- **Work instructions**
Transcribe the records below exactly, leaving out any pictures.

#### Dataset entries ####

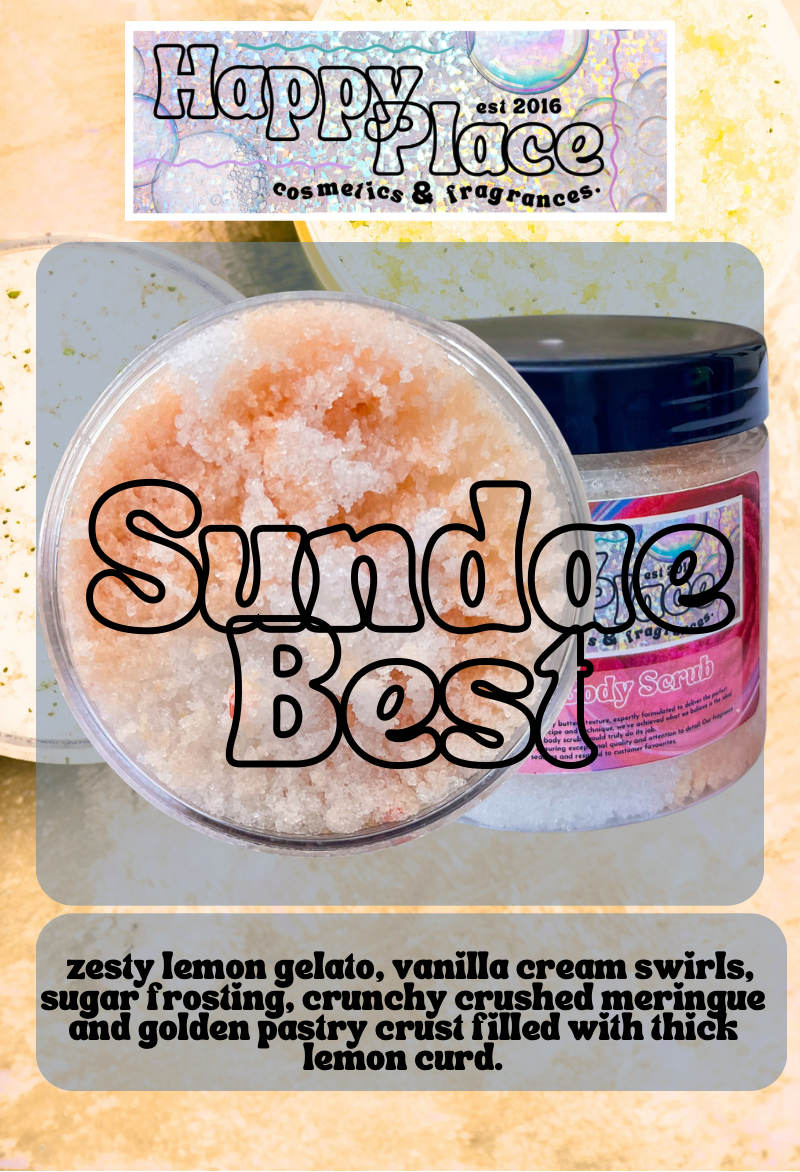 Sundae Best Body Scrub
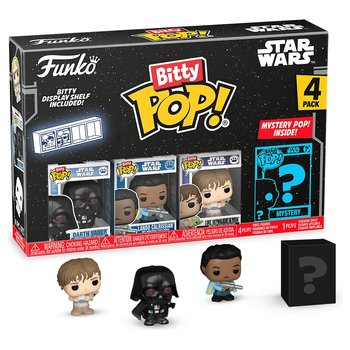 Funko Bitty POP! Figuren Star Wars Darth Vader 4er Set
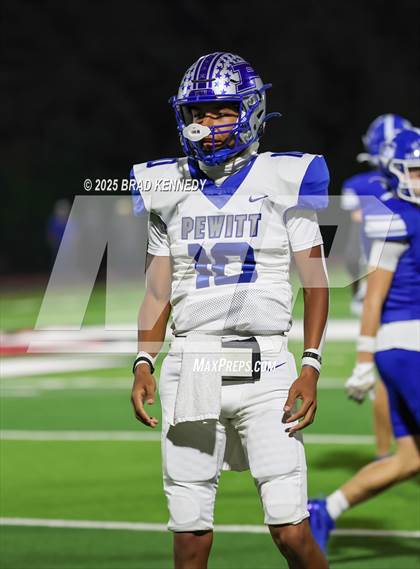 Thumbnail 3 in Beckville Vs Pewitt (UIL 2A D1 Football Bi-District) photogallery.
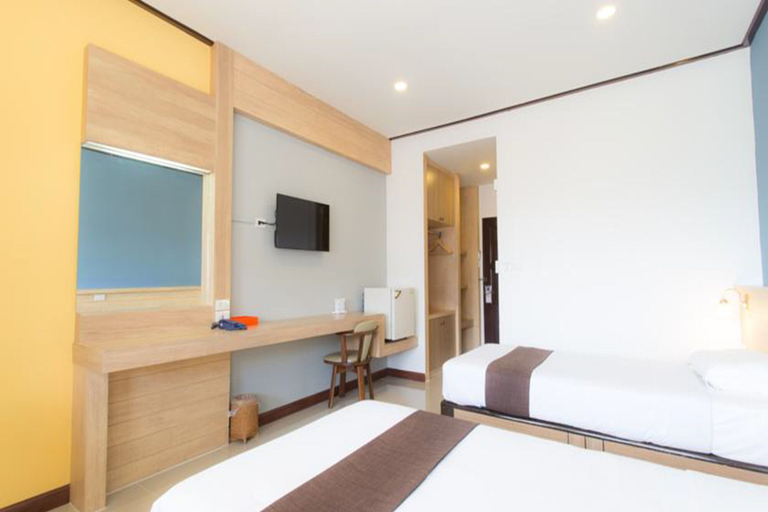 Bedroom 3, Asia Lampang Hotel, Muang Lampang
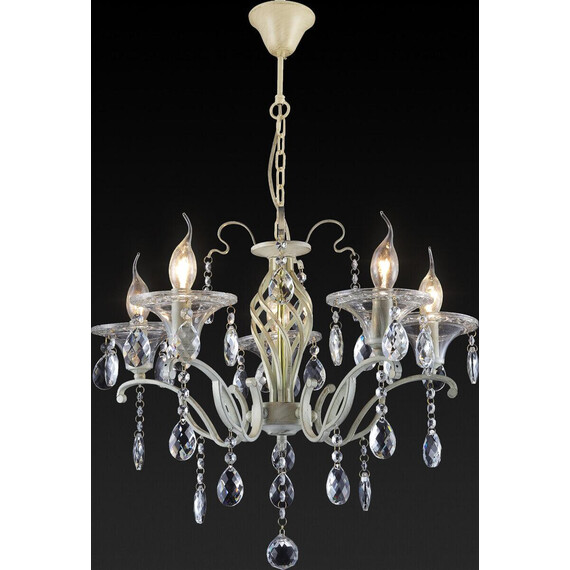 Подвесная люстра Toplight Zoe TL7220D-05RY, фото , изображение 2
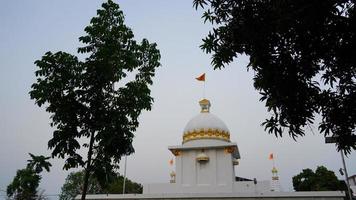 Tempel des hinduistischen Gottes Janki Mata foto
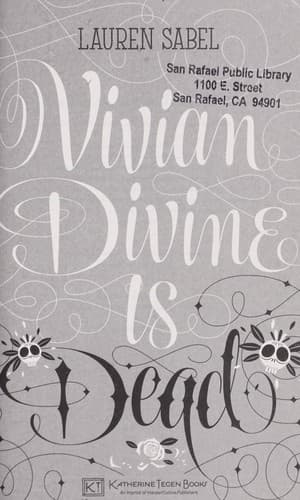 Tapa de Vivian Divine is dead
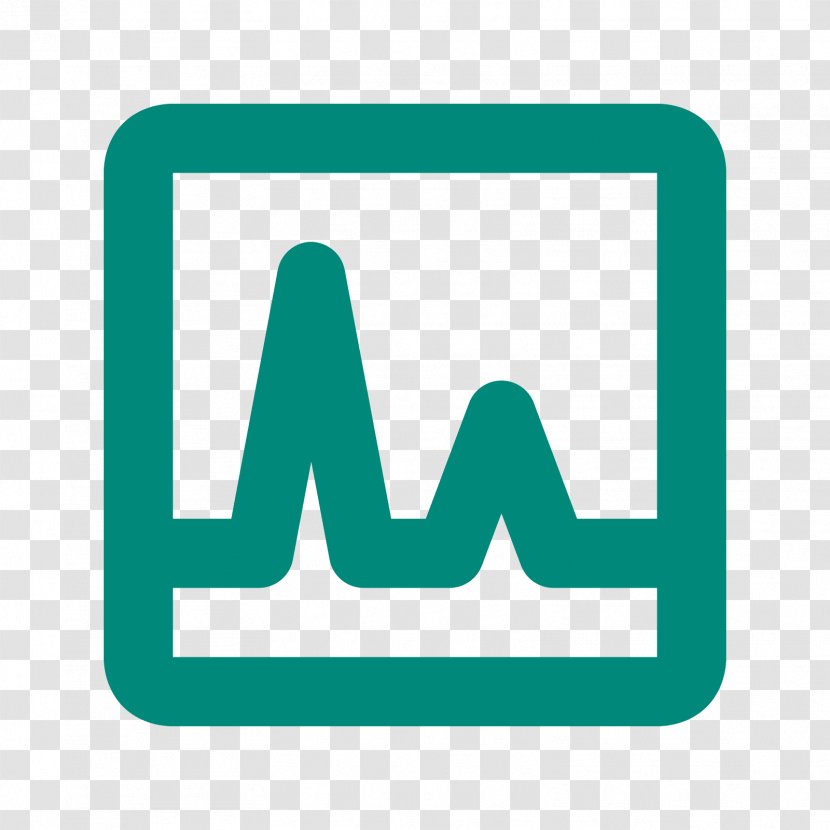 Chromatography 50x50 - Aqua - Chromatogram Transparent PNG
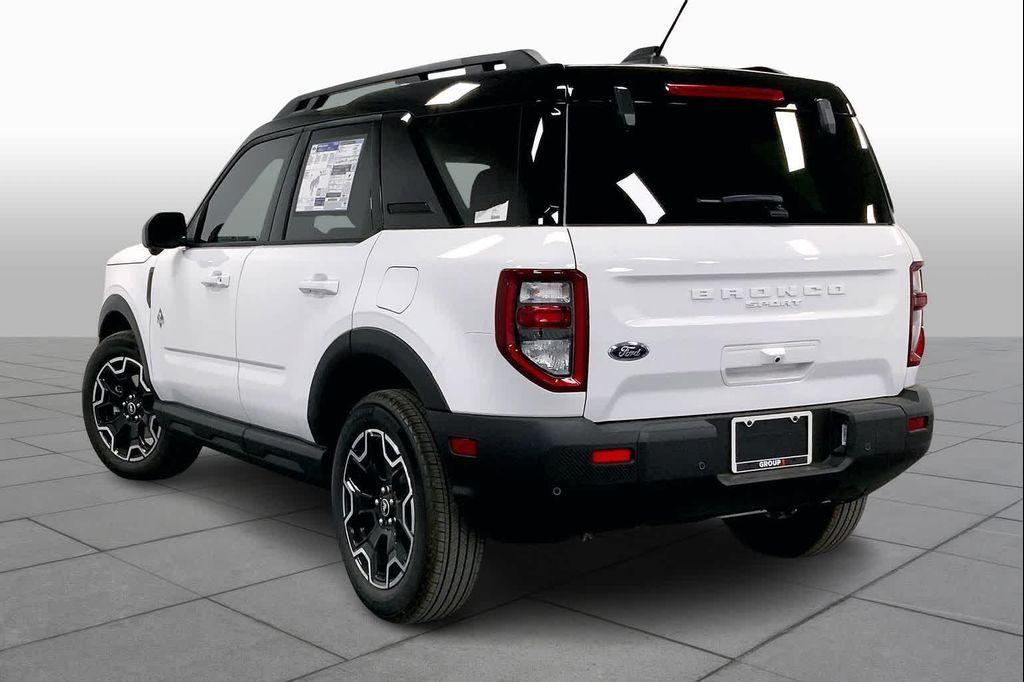 new 2025 Ford Bronco Sport car, priced at $36,244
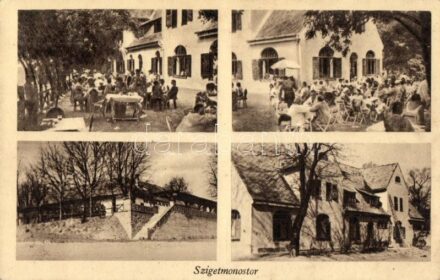 Szigetmonostor, Horányi üdülő vendéglő, csárda, étterem, kerthelyiség, létra
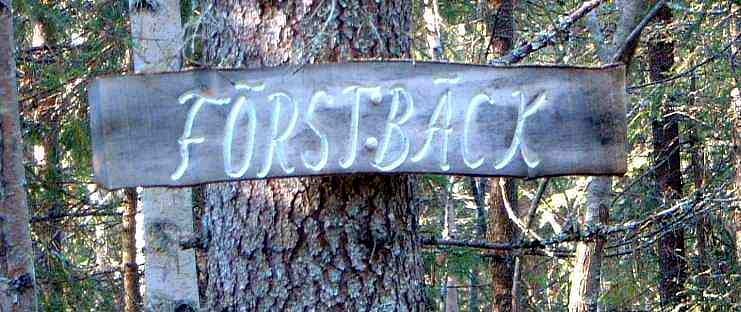 Förstbäskskylten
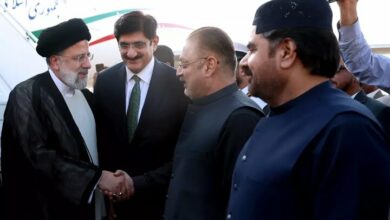 حداد عام في ولاية “الرمال” الباكستانية في اليوم الثاني لاستشهاد آية الله رئيسي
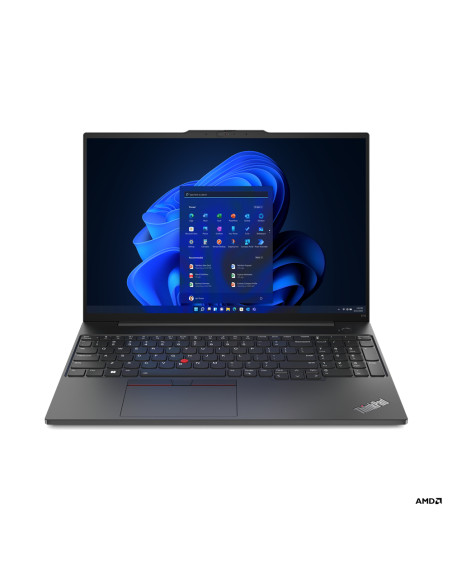 Lenovo ThinkPad E16 Gen 1 (AMD) AMD Ryzen™ 5 7530U Computer portatile 40,6 cm (16") WUXGA 8 GB DDR4-SDRAM 512 GB SSD Wi-Fi 6 (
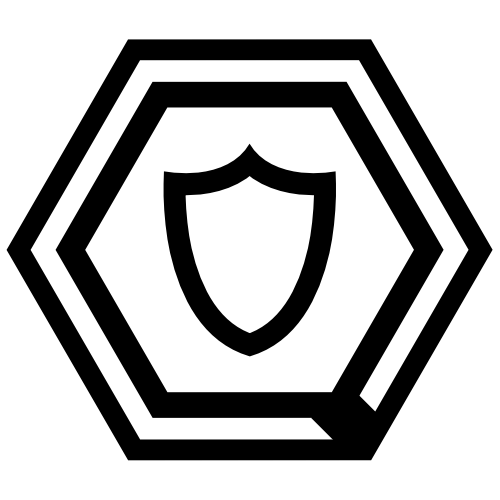 Shield logo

####

- **Exercise answer**
 Sundae Best Body Scrub
 Funko Bitty POP! Figuren Star Wars Darth Vader 4er Set
 Thumbnail 3 in Beckville Vs Pewitt (UIL 2A D1 Football Bi-District) photogallery.
 Bedroom 3, Asia Lampang Hotel, Muang Lampang
 Подвесная люстра Toplight Zoe TL7220D-05RY, фото , изображение 2
 Tempel des hinduistischen Gottes Janki Mata foto
 Tapa de Vivian Divine is dead
 Chromatography 50x50 - Aqua - Chromatogram Transparent PNG
 new 2025 Ford Bronco Sport car, priced at $36,244
 Szigetmonostor, Horányi üdülő vendéglő, csárda, étterem, kerthelyiség, létra
 Förstbäskskylten
 حداد عام في ولاية “الرمال” الباكستانية في اليوم الثاني لاستشهاد آية الله رئيسي
 Lenovo ThinkPad E16 Gen 1 (AMD) AMD Ryzen™ 5 7530U Computer portatile 40,6 cm (16") WUXGA 8 GB DDR4-SDRAM 512 GB SSD Wi-Fi 6 (
 Shield logo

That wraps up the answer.